Albuquerque Police Department makes progress in policing reform: Justice Dept.



(The Center Square) – The Justice Department and the City of Albuquerque filed a Joint Motion for Partial Termination, hoping to get court approval to terminate some portions of the consent decree covering the Albuquerque Police Department, United States Attorney Alexander M.M. Uballez announced this week.

They filed the motion to recognize the police department’s sustained compliance with major portions of the consent decree, according to the U.S. Attorney for the District of New Mexico.

It marks the second time this has happened; a joint motion was also filed in April to modify the requirements of the consent decree.

APD has progressed towards complying with the degree over the last several years. Some examples include the following:

APD has a clear and reliable process for conducting criminal investigations of critical incidents through the Multi-Agency Task Force;APD significantly professionalized its SWAT team and brought its operations in line with national standards;APD’s investigative units operate with clarity about their scope and mission;through APD’s Field Training Evaluation Program, new officers receive reinforcement about APD’s values and expectations, helping to ensure that officers provide constitutional and effective policing from their first days on patrol; APD and Albuquerque’s civilian oversight agency widely distribute information about filing complaints about police officers, ensuring that people across the city can easily access and submit complaint forms and that APD and civilian oversight are aware of the issues that people are having with police officers;the Monitor has found that APD has set new standards in police recruiting, increasing interest in joining APD at a time when police departments across the country face challenges in recruiting; andAPD’s Behavioral Sciences Section provides industry-standard behavioral health and wellness services to APD personnel and their families, often exceeding the requirements of the consent decree.

APD reached compliance with many of these provisions over two years ago. As a result, the parties have agreed to terminate the sections and sub-sections where APD has been in full compliance for at least two years.

The change will allow the consent decree to focus on areas where APD is still working to reach full compliance.

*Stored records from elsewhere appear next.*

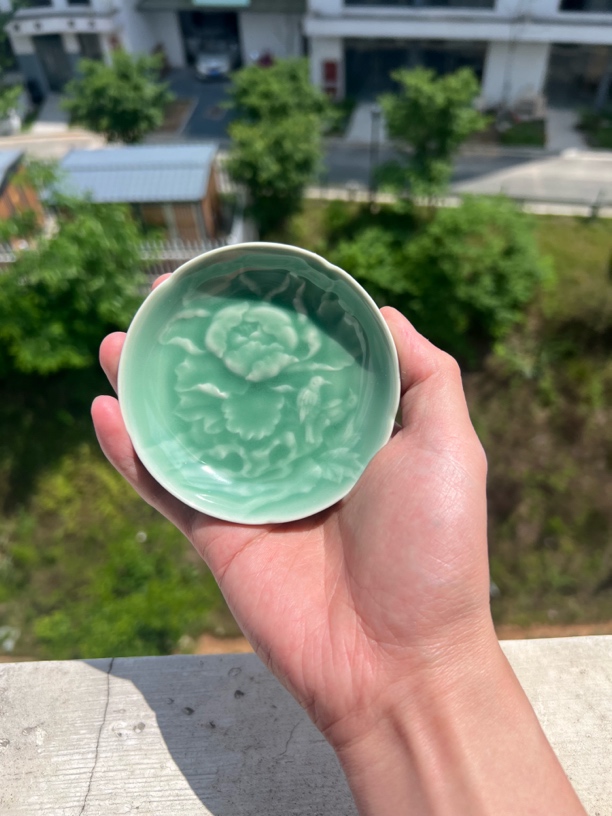 龙泉家用小号醋碟味碟蘸料碟蘸酱碟餐盘梅子青色口径9厘米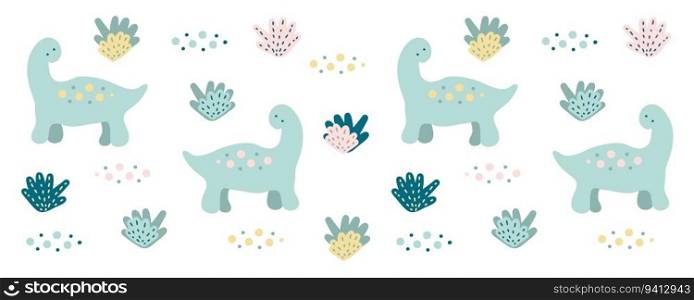 Summer cup pattern with dinosaurs and plants. Animalistic mug print. Hand drawn vector illustration.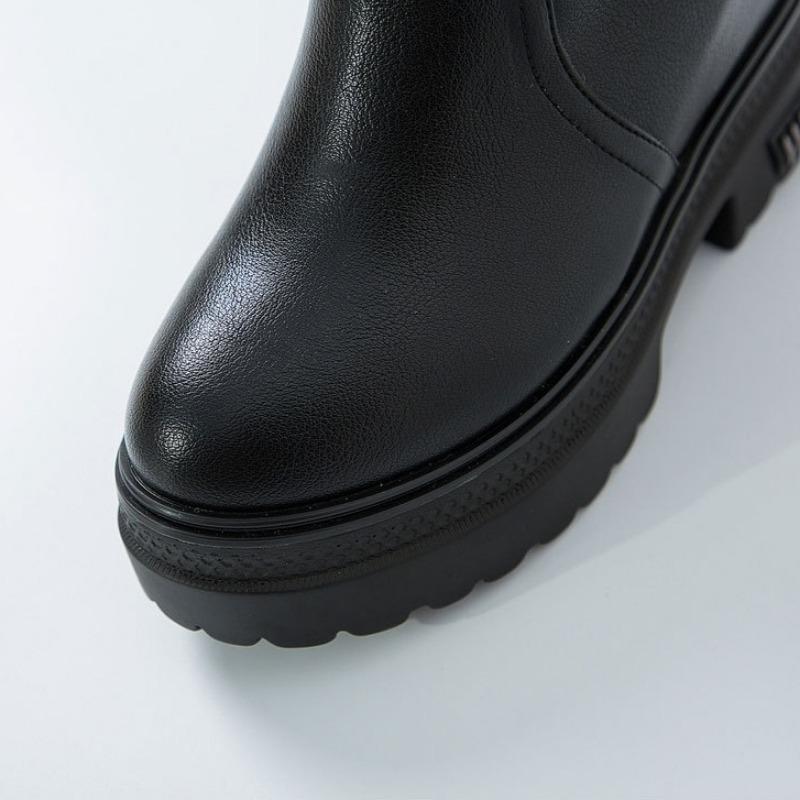 Fashion Fashion Women Boots 2025New Comfortable Sexy Ladies Knee-High Long Boot Spring Slimming Belt Buckle Side Zipper High Heels Mujer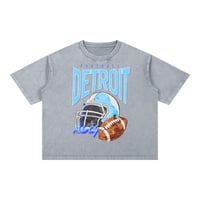 Image 4 of Detroit Football Acid Wash Boxy Cotton T-Shirt
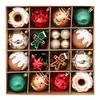 Set de 42 Bolas de Navidad Rojas, Verdes y Doradas Hombre de Jengibre Adornos Navideños Pintados a Mano para Árbol de Navidad Decoración de Árbol de Navidad Bolas de Navidad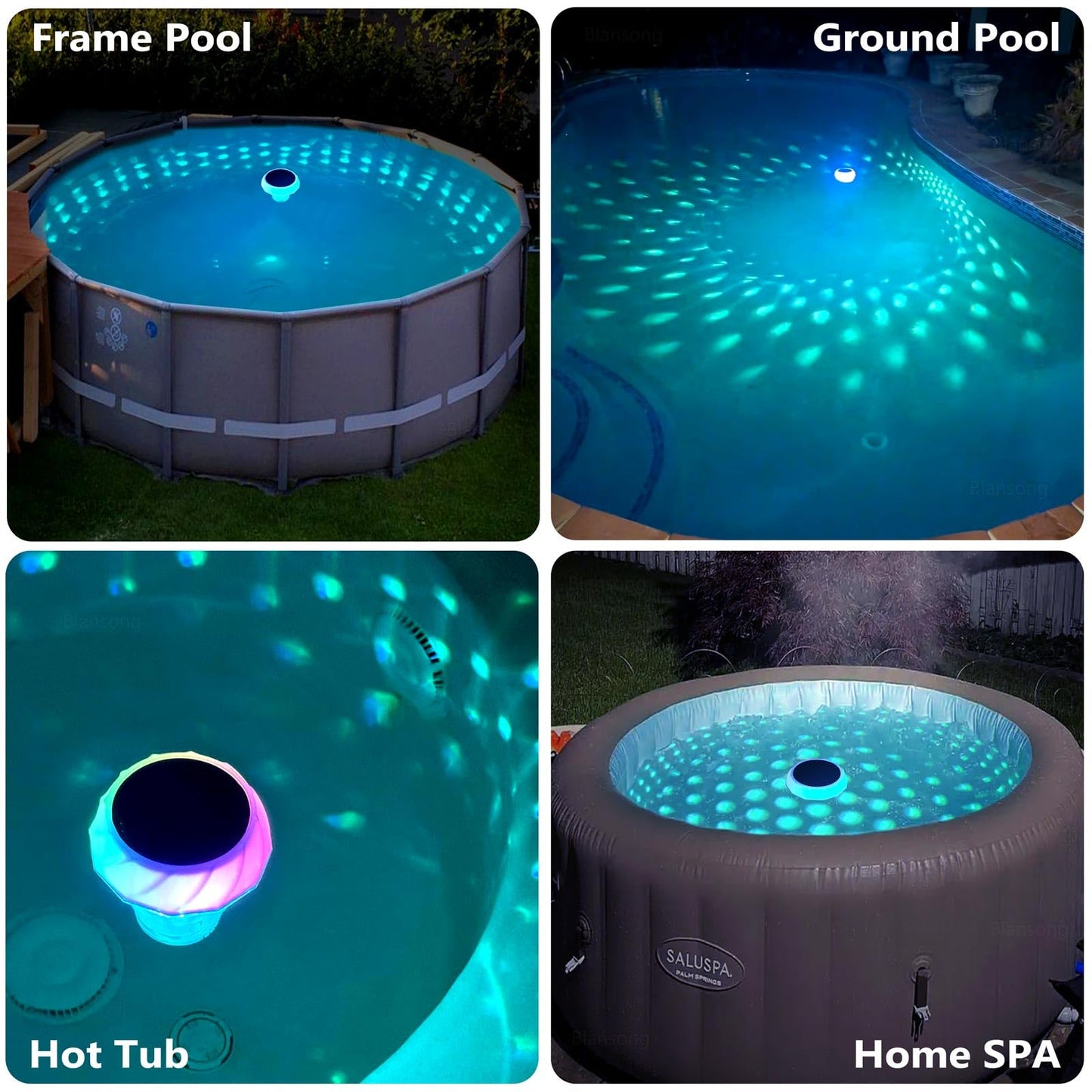 Blansong Solar Pool Chlorine Floater Adjustable Release Swimming Pool Chlorine Tablet Floater with Color Changing Floating Dispenser with Romote Control and Timer IP68 Waterproof
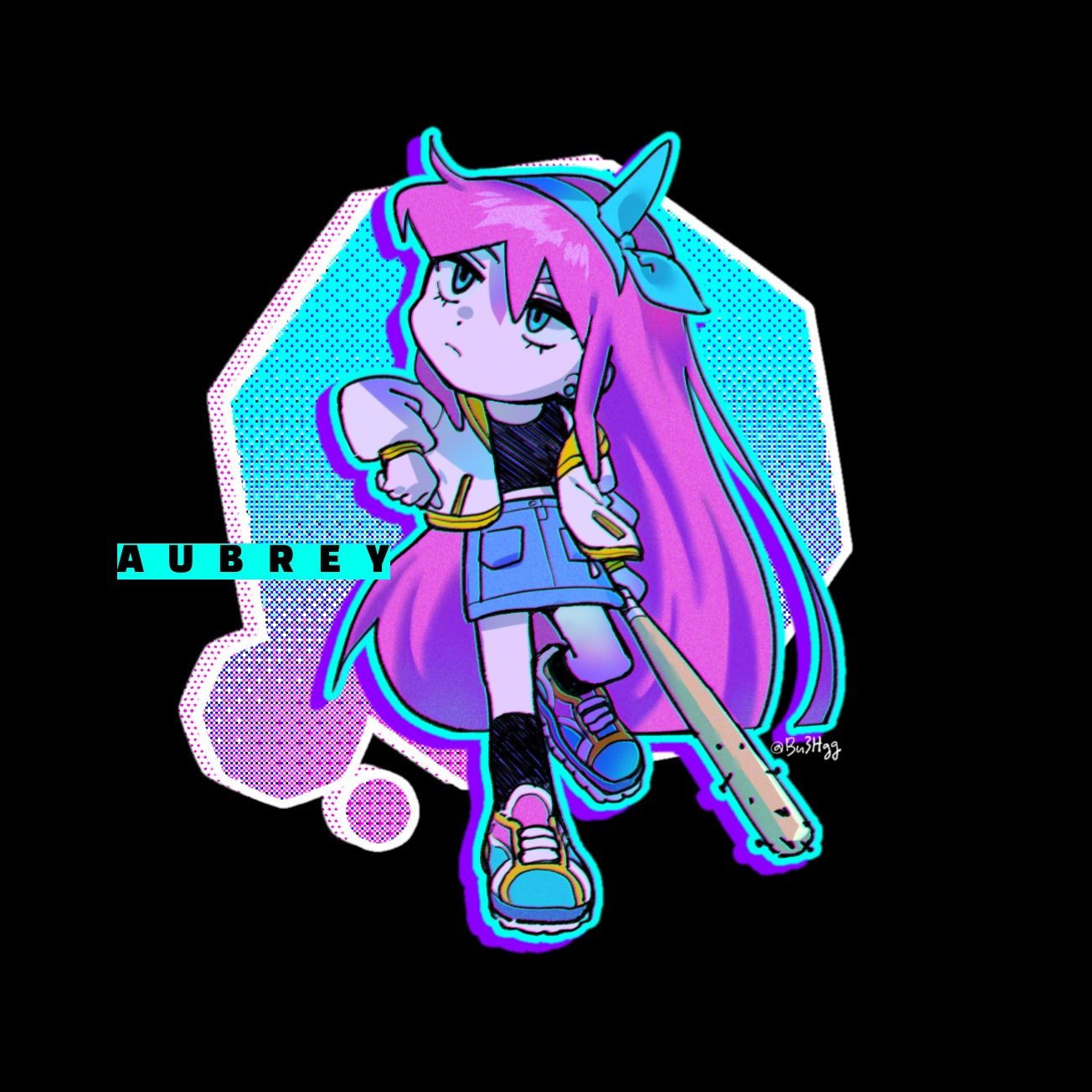 bu3hgg, aubrey (faraway) (omori), aubrey (omori), omori, highres, 1girl, artist name, baseball bat, black background, black socks, blue eyes, blue hairband, blue skirt, character name, chibi, chibi only, closed mouth, denim, denim skirt, double-parted bangs, ear piercing, full body, hair between eyes, hairband, holding, holding baseball bat, jacket, long hair, long sleeves, nail (hardware), nail bat, piercing, pink hair, shoes, simple background, skirt, sneakers, socks, solo, twitter username, white jacket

“This move to partial termination is yet more evidence of the City of Albuquerque’s dogged pursuit of progress,” U.S. Attorney Alexander Uballez said. “Much remains to be done, and the challenges facing us as a community are ever-evolving. While we continue to work together to confront those challenges, we applaud the steady and unrelenting drive towards the type of policing that the people of Albuquerque deserve.”

The consent decree began in June 2015. It began after a series of controversial police shootings in the first half of the 2010s. In 2014, the Department of Justice determined that APD had engaged, “in a pattern or practice of use of excessive force, including deadly force, in violation of the Fourth Amendment.”